The impact of obesity through fat depots and adipokines on bone homeostasis
Introduction
Over the past 4 decades, obesity has become a major threat to public health worldwide (1). The Global Burden of Metabolic Risk Factors of Chronic Diseases Collaborating Group examined 9.1 million adults between 1980 and 2008 and reported that the global prevalence of obesity nearly doubled with approximately 1.5 billion adults having body mass index (BMI) of 25 or more (34%) and 500 million adults characterized as obese in 2008 (2). In a more recent analysis, the Global Burden of Disease Study 2013 revealed that the proportion of adults with BMI 25 or more, increased from 29% to 37% in men, and from 30% to 38% in women during 1980 to 2013 (3).
Obesity and osteoporosis are two of the most common chronic disorders with high prevalence rates, associated with increased morbidity and mortality (4). Research on the relationship between BMI/obesity and bone metabolism often yields contradictory results. Earlier studies showed that low body weight and recent weight loss were risk factors for osteoporosis and fractures, implying a positive correlation between body weight (or BMI) and bone mass (5,6). In agreement with this observation, obesity was commonly thought to be advantageous for maintaining healthy bones and high bone mineral density was observed in overweight individuals attributed to increased skeletal loading (7). In contrast, recent studies showed high risk of fracture and osteoporosis in people with high BMI (8,9). Patients with obesity had higher risk of fracture in humerus, ankle, and upper arm, compared to subjects with normal weight (7). Such statement was confirmed in the Osteoporotic Fractures in Men (MrOS) study, as obesity was shown to be a major risk factor for osteoporotic fractures (10). As well, in the Global Longitudinal study of Osteoporosis in Women (GLOW), obesity was associated with increased risk of ankle and upper leg fractures in postmenopausal women (11). In patients with type 2 diabetes mellitus (T2DM) characterized by obesity plus insulin resistance, the observed normal or high bone mass was accompanied by a greater risk of fractures (12).
Such paradox may be explained in part by the interplay between obesity and impaired bone metabolism, which is highly influenced by abnormal local fat deposition and secretions.

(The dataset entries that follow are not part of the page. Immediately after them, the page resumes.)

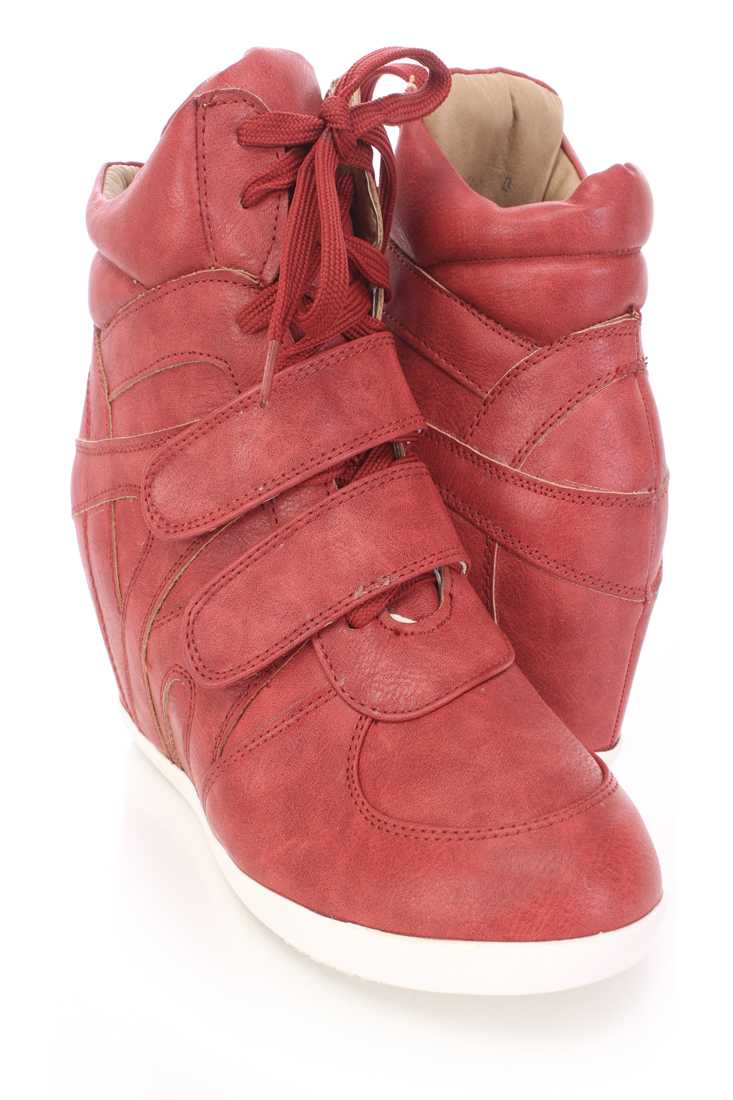 Red Lace Up Strappy Sneaker Wedges Faux Leather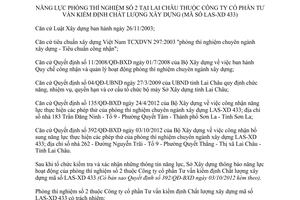 Thông báo 398/TB-SXD 2012 năng lực phòng thí nghiệm 2 Công ty kiểm định Chất lượng xây dựng Lai Châu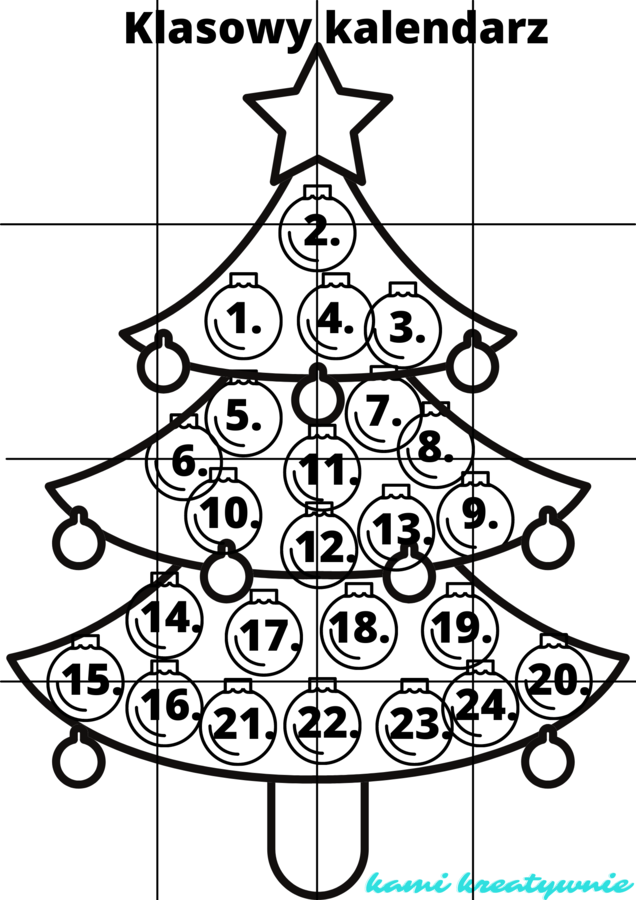 Kalendarz adwentowy - plakat 16 kartek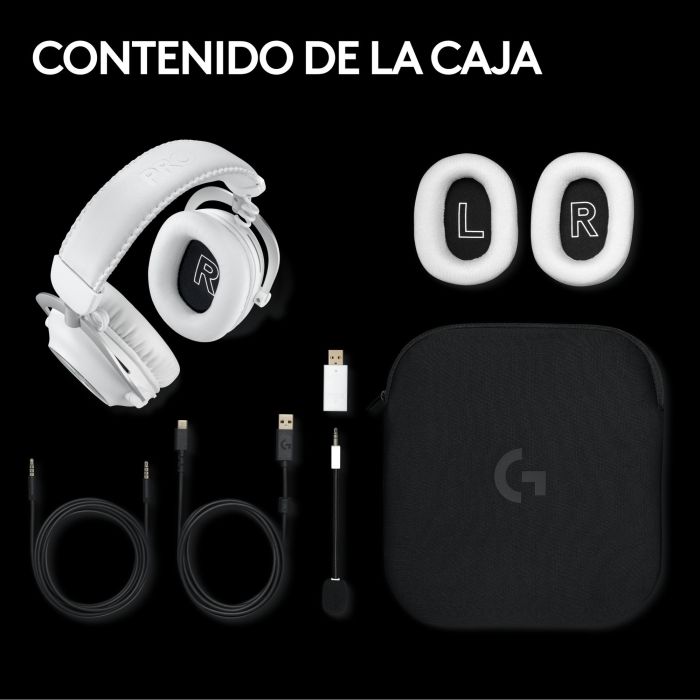 Logitech Auriculares Gaming G Pro X con micrófono cardioide, drivers Graphene 50 mm y tecnología LIGHTSPEED 7 Logitech Auriculares Gaming G Pro X con micrófono cardioide, drivers Graphene 50 mm y tecnología LIGHTSPEED 7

As a consequence, the pattern of regional fat deposition into the subcutaneous and visceral compartments represents a stronger predictor of disease risk than overall fat mass (13,14). Recently, a new pathophysiological mechanism as emerged describing how the increased fat within the bone marrow, affects osteoblast differentiation and function, increases osteoclastic activity and disturbs mineralization (15). Furthermore, as adipose tissue is a highly dynamic organ with crucial endocrine and metabolic roles, cytokines (usually referred as adipokines) including leptin (16), adiponectin (17), omentin (18), etc., such production by adipose tissue is highly suspected to influence homeostasis between bone and fat.
Here, we review the interaction between adipose tissue and bone health by assessing the different deposition of adipose tissue and the influence of adipokines in bone metabolism.
Role of different deposition of adipose tissue interacting with bone homeostasis
The adipose function varies according to the fat deposition location and typically two main locations for adipose tissue are considered: subcutaneous and visceral deposition. Compared with subcutaneous adipose tissue (SAT), visceral adipose tissue (VAT) is more cellular, vascular, innervated and employs more inflammatory and immune cells, lesser pre-adipocyte differentiating capacity and higher ratio of large adipocytes (19). Recently, the role of marrow adipose tissue (MAT) in bone metabolism was discussed (20). An inverse relationship between MAT and bone mineral density has been observed in several studies (21-23).
Subcutaneous vs. VAT
Obesity was initially assumed as a protection factor against fracture while clinical evidence was not consistent. Travison et al. (24) enrolled 1,171 men aged 30–79 years in a cross-sectional study, and BMD, bone material in cross-sections, bending strength, and propensity to buckle under compression were tested using dual energy X-ray absorptiometry (DXA). Fat mass and BMI had a negative association with hip strength after monitoring lean mass. The protective effect of BMI in preventing fracture was attributed to increased muscle mass accompanying elevated BMI rather than to adipose tissue. Similar conclusions were drawn with sexually mature adolescents and young adults aged 13 to 21 years (25). Following studies further suggested that fat mass was negatively related with bone mass in African and Chinese women (26,27). Zhang et al. (28) enrolled 347 Chinese obese females and 339 Chinese obese males and found that increased central body fat had an inverse association with total and leg BMD in females but not in males.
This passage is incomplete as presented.